PROBLEM: Write the records out again exactly, leaving no images in.

INFORMATION GIVEN:
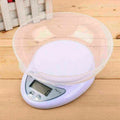Electronic Kitchen Scale with Removable Bowl, 5 kg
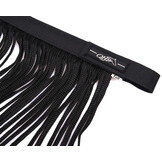 QHP Vliegenfrontriem - Zwart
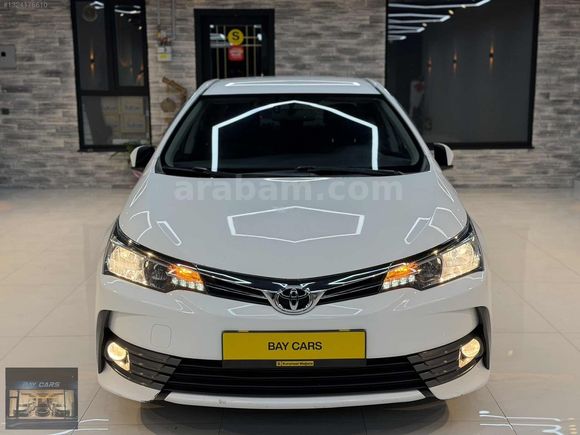 */ 2017 TOYOTA COROLLA 1.4 D-4D ADVANCE 187.033 KM BAKIMLI */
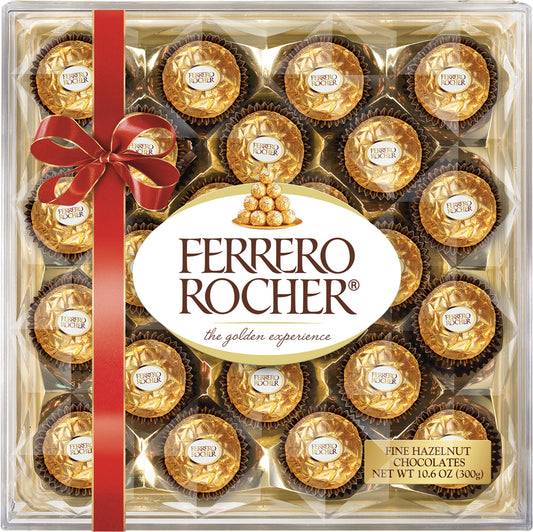 Rocher 24 Piece Diamond Gift Box Display; 10.6 Ounce; 48 Per Case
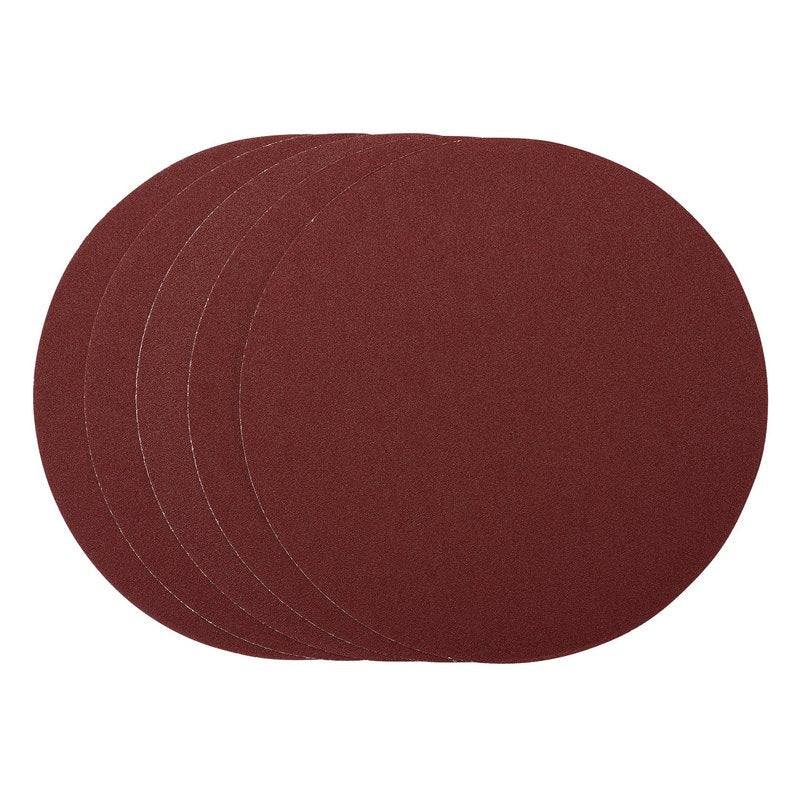 Draper Sanding Discs 305mm PSA 80 Grit 5 Pack 63753
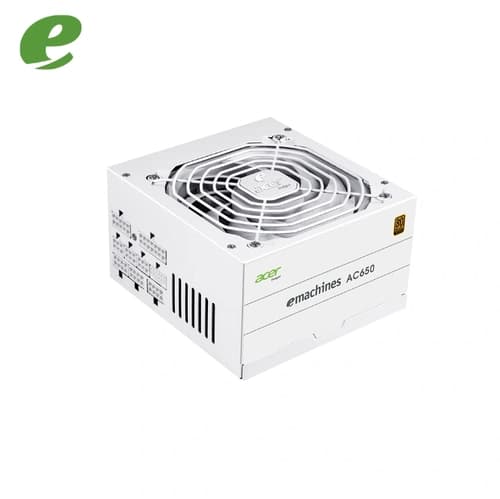 Acer AC650 650W 80 Plus Bronze Modular - AC650 WHITE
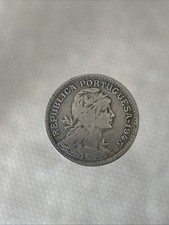 1945 Portugal 50 Centavos - Beautiful Coin - Z208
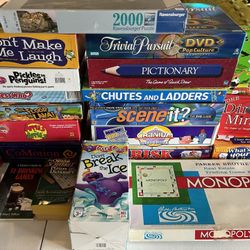 Board games and Puzzles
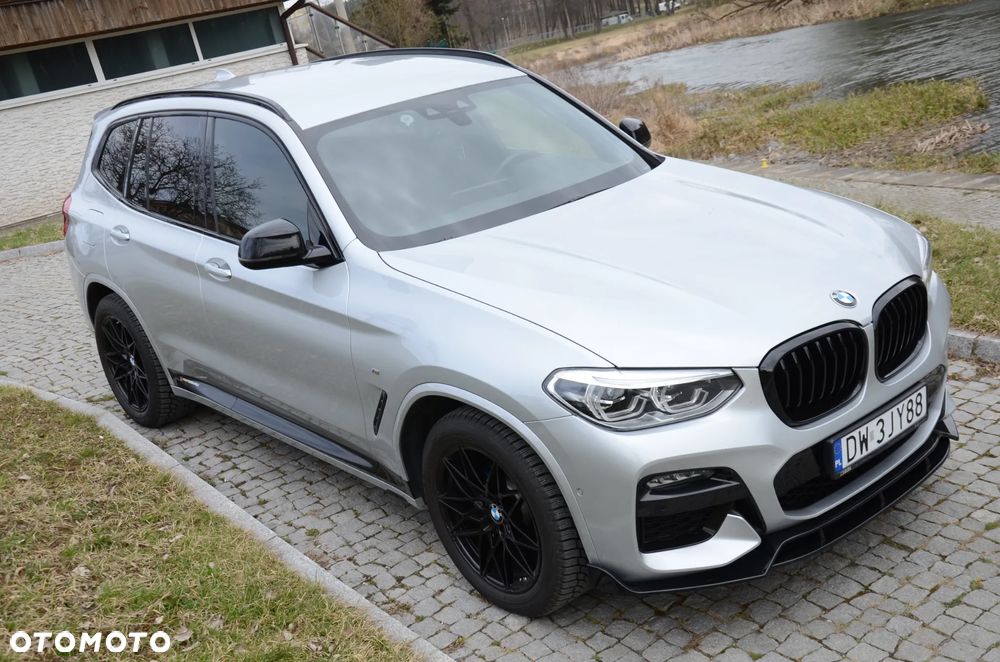 BMW X3 xDrive20d mHEV M Sport sport - 8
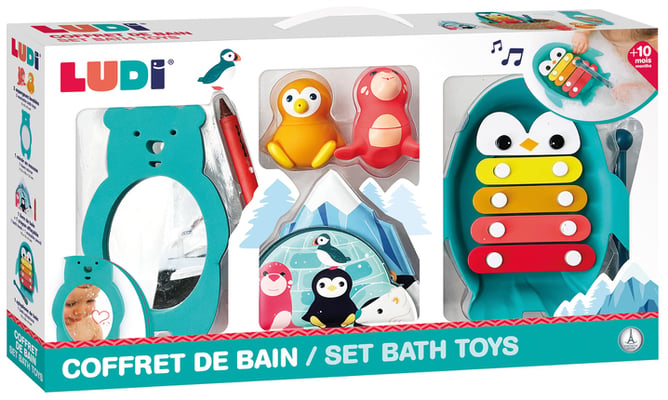 Baðkassi með spegli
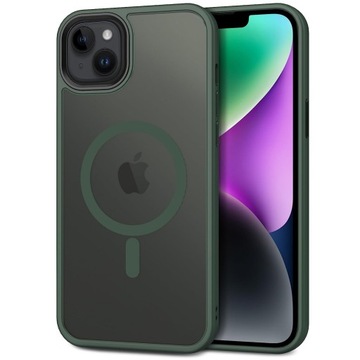 ETUI OBUDOWA DO IPHONE 13 MINI ZIELONY MAGSAFE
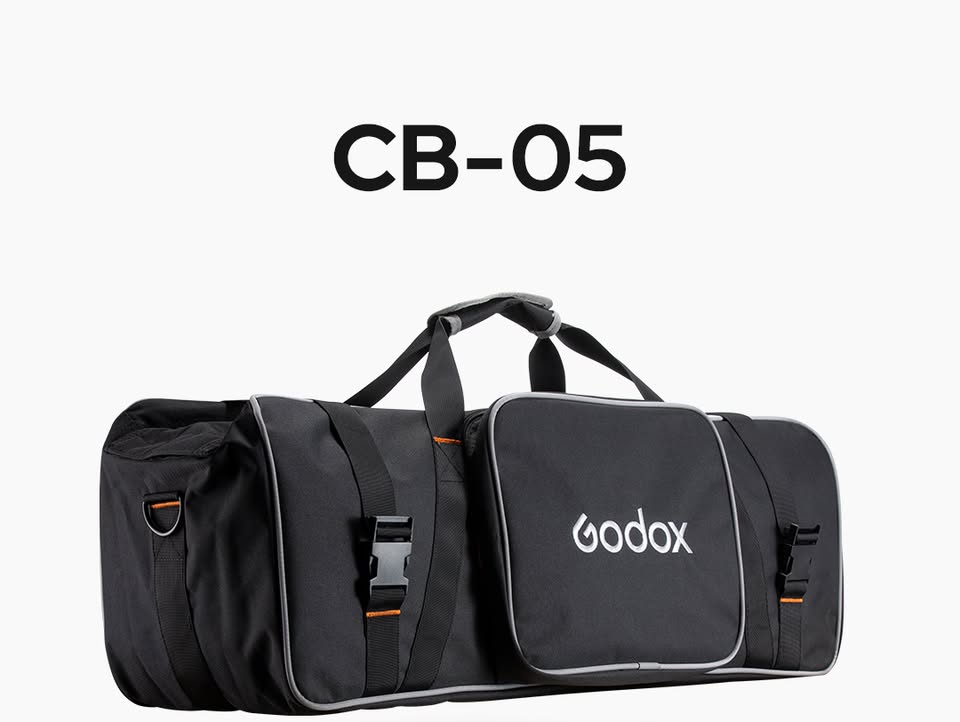 Godox CB-05 Carry Case Bag for Strobes, Flash and Light Stands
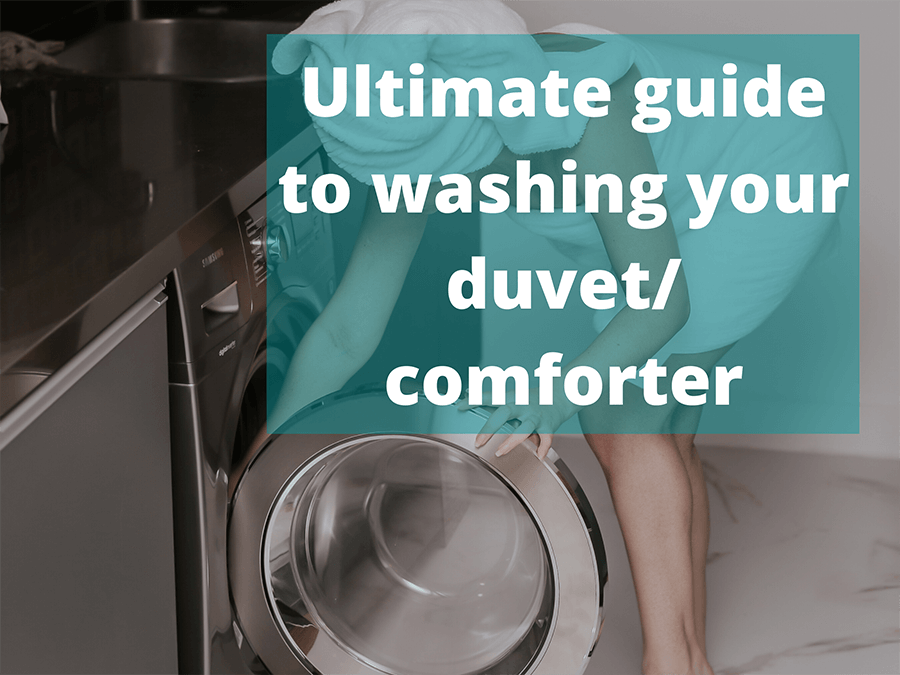 How to wash a comforter deals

ANSWER:
Electronic Kitchen Scale with Removable Bowl, 5 kg
 QHP Vliegenfrontriem - Zwart
 */ 2017 TOYOTA COROLLA 1.4 D-4D ADVANCE 187.033 KM BAKIMLI */
 Rocher 24 Piece Diamond Gift Box Display; 10.6 Ounce; 48 Per Case
 Draper Sanding Discs 305mm PSA 80 Grit 5 Pack 63753
 Acer AC650 650W 80 Plus Bronze Modular - AC650 WHITE
 1945 Portugal 50 Centavos - Beautiful Coin - Z208
 Board games and Puzzles
 BMW X3 xDrive20d mHEV M Sport sport - 8
 Baðkassi með spegli
 ETUI OBUDOWA DO IPHONE 13 MINI ZIELONY MAGSAFE
 Godox CB-05 Carry Case Bag for Strobes, Flash and Light Stands
 How to wash a comforter deals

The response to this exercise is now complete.